09 April 2007
Forbidden planet: Who makes Planet Ark washing powder?
In consumer marketing, green is the new black. It’s no secret that all manner of business and brands not previously known for their "earth-friendliness" are adding a splash of green here and there, and mostly to good effect.
Planet Ark, a green brand that first came to consumer attention more than a decade ago by promoting recycling initiatives, has come a long way from those humble beginnings. Planet Ark is now an impressive consumer brand with high levels of recognition, approval and trust. From a commercial perspective, this means the organisation is ideally placed to capitalise on the current surge of consumer interest in all things green, water-saving and climate-friendly. While early moves in this direction saw Planet Ark as merely an endorser of products like Safe brand toilet paper and Aware laundry powder, the Planet Ark brand has recently assumed centre stage as a consumer product brand in its own right.
My household recently ditched an established national brand in favour of Planet Ark washing powder, and we are pleased with its performance so far. The rather simple and stark orange and blue box is awash with all kinds of information about the product, its ingredients and its environmental and health credentials. Strangely, though, amidst all the detail about cellulose colloids and plant oil surfactants, there’s no indication of where the product is made, or by whom.

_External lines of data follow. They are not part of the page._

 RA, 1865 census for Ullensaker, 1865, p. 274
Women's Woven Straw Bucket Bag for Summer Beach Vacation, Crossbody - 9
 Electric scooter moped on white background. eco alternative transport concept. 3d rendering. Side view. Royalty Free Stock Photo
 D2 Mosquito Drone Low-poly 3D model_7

Oh, sure, there’s an address – Planet Ark Environmental Products Pty Ltd, based in the Blue Mountains town of Wentworth Falls – but the Planet Ark website lists only eight staff in the Wentworth Falls office. There’s no mention anywhere of the kind of manufacturing and packaging operations required to produce mass-market quantities of a consumer product, nor whether these operations are undertaken in Australia or elsewhere. Neither is there any reference in the Planet Ark organisational structure to supply chain management – the process of sourcing all these non-petrochemical ingredients – nor a logistics and distribution network large enough to supply national supermarket chains.
The extensive FAQs section of the Planet Ark laundry powder website also sheds no light on the issue of who makes it. The nearest it comes is a question that asks Are the products Australian Made & Owned?, to which the answer is Yes they are. Some of the raw materials are not made in Australia so they must be sourced from overseas.

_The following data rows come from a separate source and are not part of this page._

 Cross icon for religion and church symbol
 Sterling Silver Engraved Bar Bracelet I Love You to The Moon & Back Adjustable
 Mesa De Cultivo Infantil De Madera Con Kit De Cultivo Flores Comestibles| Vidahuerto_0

It’s hard to understand why Planet Ark seems so coy about identifying its commercial partners in what looks to be a good product with commendable credentials, especially as it has proclaimed itself "pro-business" from the outset and been transparent about its other business relationships.
Let’s face it, consumers are sufficiently attuned to the business of brand extension to realise that Planet Ark must be contracting other organisations to manufacture, package and distribute its consumer products. Planet Ark "green" shopping bags, for example, are manufactured in China, and the organisation seems quite open about this. We don’t actually believe – or expect – that Planet Ark founders and front people like Jon Dee, Pat Cash and Rebecca Gilling are out in a back room somewhere with their sleeves rolled up, mixing up batches of detergent in plastic rubbish bins.
And surely no consumer would think the less of Planet Ark for contracting another organisation to make and distribute laundry detergent and other consumer products under its brand name, so long as the ingredients and processes are specified and controlled by Planet Ark and are in keeping with its values and not-for-profit status.
Do consumers really care who makes products, how and where? Traditionally, and for so-called "low involvement" categories, the answer was mainly "no". But recent trends in fast-moving consumer goods marketing have turned that around, especially among some significant customer segments. We are now encouraged – indeed, trained – to look for information and read the fine print: Is it made in Australia? Is it dolphin-friendly? Is it low GI and organic? Does it contain CFCs, artificial sweeteners, colours and flavours? Does it contain gluten or traces of nuts?
Ironically, it’s the very fact that Planet Ark provides so much product detail on its washing powder pack that makes the absence of manufacturing information stand out so starkly for me. But am I just overly suspicious and is the lack of disclosure merely an oversight? Or – behind the hundreds of words on biodegradability, zeolite minerals and being free of phosphates – is there something about the washing powder that Planet Ark would rather we didn’t know?